Cybercrime within the financial services sector is evolving at the speed of innovation, sometimes outpacing the progress of cybersecurity. Cybercriminals often have the advantage as they are highly motivated and not bound by the many required compliance and regulatory mandates faced by financial institutions. In the fight against cybercriminals, threat intelligence can be a useful ally, enriching the process of audit and assessment, and providing proof of security controls enforcement that is required for security and compliance.

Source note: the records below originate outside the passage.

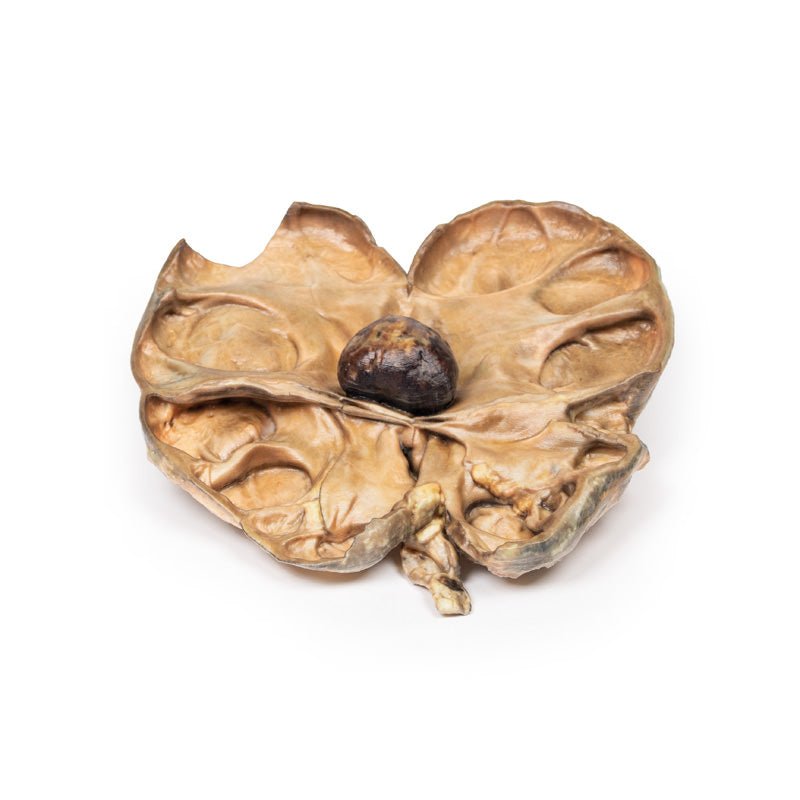 Patologiske tilstande - eAnatomi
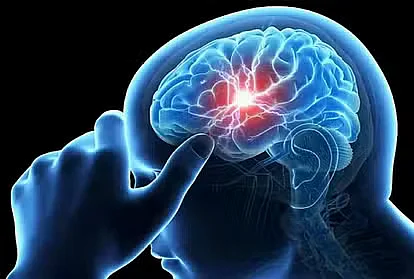brain tumor1566984812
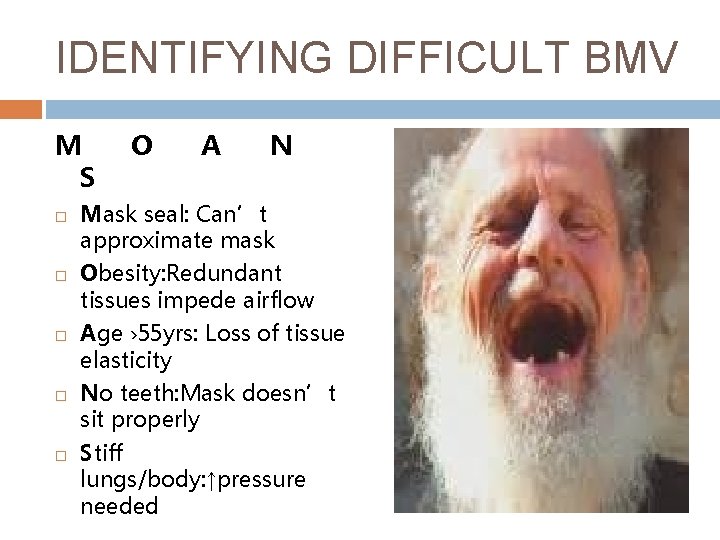 IDENTIFYING DIFFICULT BMV M S O A N Mask seal: Can’t approximate mask Obesity:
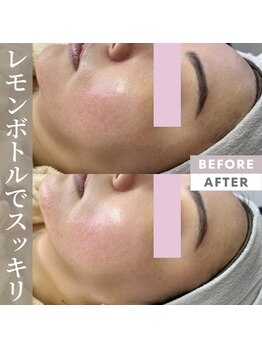 ルームエイトエイティスリー 新宿(R883)/レモンボトルでスッキリ！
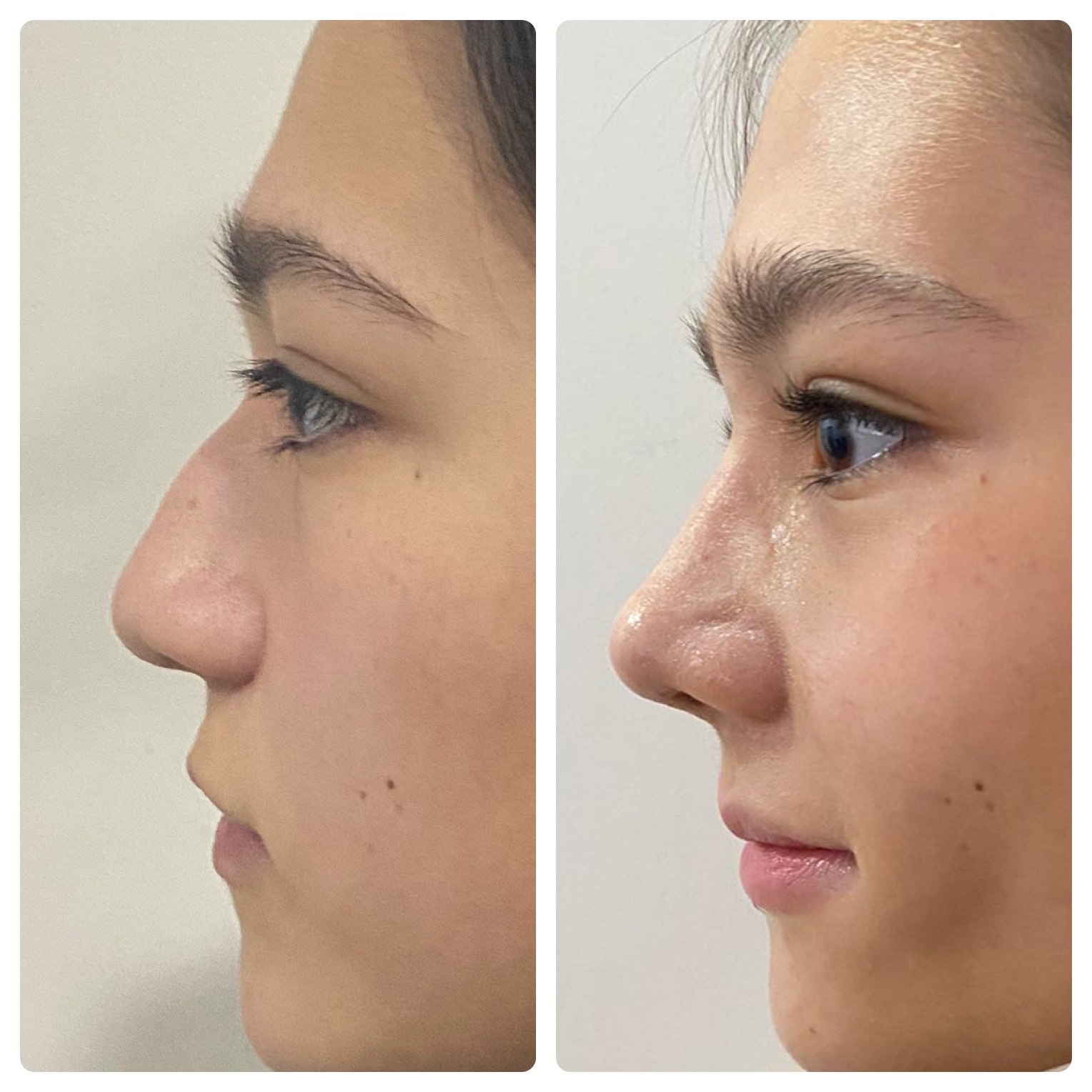 perfil-nasal-antes-y-despues-de-rinoplastia-ultrasonica-en-chihuahua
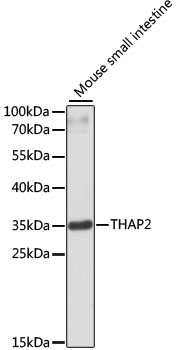 THAP2 Rabbit polyclonal antibody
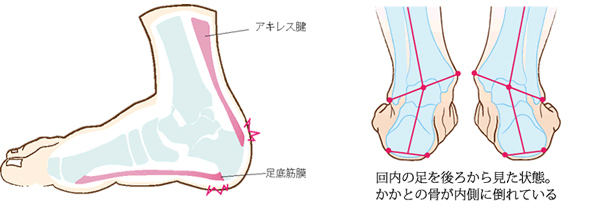 ランニング＆ウォーキングの足の痛み、今度こそ解消！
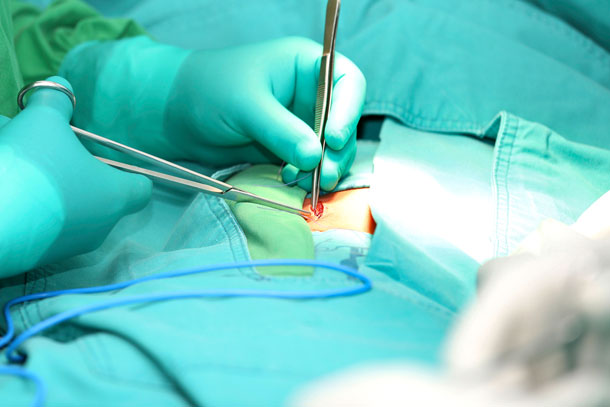Man sieht die Operation eines Leistenbruchs. Die Chirurgin arbeitet gerade mit einer Pinzette und einer Schere an einer offenen Stelle an der Leiste..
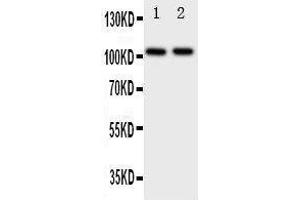 Anti-Zonula occludens protein 3 antibody, Western blotting Lane 1: Rat Brain Tissue Lysate Lane 2: Rat Heart Tissue Lysate (TJP3 antibody  (C-Term))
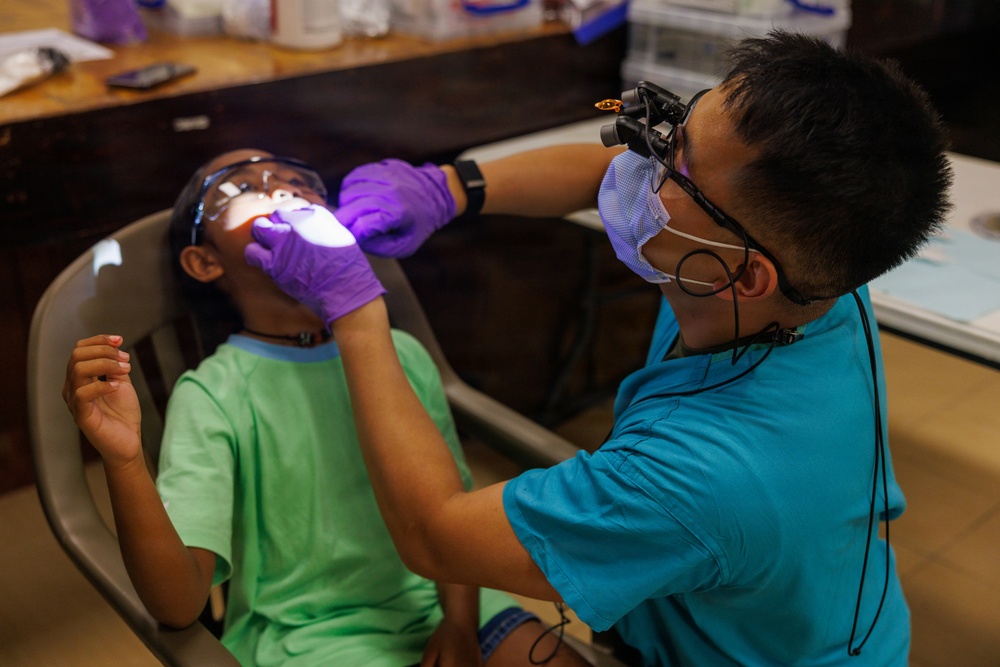 A dental professional is examining a young child's mouth in what appears to be a field or community dental clinic setting. The dentist is wearing protective gear including loupes, a face mask, and purple nitrile gloves, and is using a light to illuminate the child's oral cavity. The child, wearing a green t-shirt, is reclined in a chair with protective eyewear on.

New cyber incident reporting rules issued by the Federal Reserve, the Federal Deposit Insurance Corporation (FDIC) and Office of the Comptroller of the Currency (OCC) in November 2021 turn up the heat on U.S. banks in terms of quantifying and qualifying a compelling “security incident” or breach. The new rules require financial institutions to report a significant breach within 36 hours instead of the previous 72 hours. Financial institutions do retain some flexibility in the broadness of notification and greater analysis time on determination of an incident, but must inform its customers as soon as possible.
Recently the White House signed the Cyber Incident Reporting for Critical Infrastructure Act into law in March 2022. Among many changes, this law requires that some cybersecurity incidents must be reported to the Cybersecurity and Infrastructure Security Agency (CISA) within 72 hours. Ransomware payments must be reported within 24 hours.
These changes can drive some positive trends regarding how businesses manage and analyze their digital threat surface, as well as how they reduce the noise and distill the mountains of intelligence associated with profiling their enterprise for security.
Simultaneously, a flood of new data protection laws and regulations is continuously being introduced, evolving, and updated by a variety of different jurisdictions, all at a dizzying pace. The usual suspects, such as the European Union’s General Data Protection Regulation, the California Consumer Protection Act, alongside multiple national regulations in countries like Canada and Australia, are always being updated and refined.
For global companies in the financial services sector, constantly changing regulations make it increasingly difficult to stay on top of compliance requirements, maintain a strong security posture, and minimize risk.
Proactive vulnerability and gap analysis is key in helping companies meet the reduced timeframes for notification of a breach. Accelerated prioritization of security gaps can play a major role in helping to identify potential security incidents faster, or they can help identify a targeted attack before it takes place. Many cybersecurity regulations and compliance standards now also include vulnerability prioritization in their requirements. The easiest way to achieve and fulfill the vulnerability prioritization requirement is to proactively understand one’s enterprise assets to the point where security hot spots – or gaps – are revealed at a faster rate. If that awareness can be driven by the need to demonstrate alignment with a 36-hour breach reporting window, then it can have a positive effect on driving the needed change across the market.
One thing is for certain: the cyber attacks keep coming and they have a devastating impact on the businesses that are impacted. Since 2013, more than 14 billion global data records have been lost. In 2021 alone, more than 40.4 billion global records were exposed by cyber adversaries. The scope and value of personal financial data available online increases every day, it becomes a more enticing target for cybercriminals.
One lingering cybersecurity issue in the financial sector is the constant presence of aging and unsupported operating systems and software. As far back as 2019 one of the leading causes of data breaches in modern payment systems was – as it still appears to be – the failure to meet the critical requirement of properly prioritizing and addressing system gaps and vulnerabilities.
On top of the prevalence of antiquated software, the financial services sector (like most industries) also faces a lack of resources – both human and technological – to conduct external threat monitoring across systems and perform appropriate incident response.
Material risk-based cyber threat intelligence (CTI) can help financial companies remain in compliance while exploring up-to-date cyber threat protection and can help organizations find, respond to, and remediate cyberattacks before significant damage is done, while accelerating compliance and risk posture.
CTI can assist an organization in the following ways:
Extending visibility – find and uncover all approaching external threats to data.
Reducing liability – identifying threats that directly impact an organization and its compliance posture.
Addressing resources – by using automated response and remediation.
The shortened window to identify an incident will no doubt endeavor to speed up the identification of an attack before it can proliferate across the enterprise and its integrated partners. It could also push banks to invest more time and possibly resources on how they measure their business process, their use of data, and find any of the gaps that could make those assets vulnerable. If the shortened notification drives banks to develop solutions that can identify security gaps faster, this could make its way into other industries and perhaps other regulations where similar themes are developing around analyzing and understanding the threat-scape faster.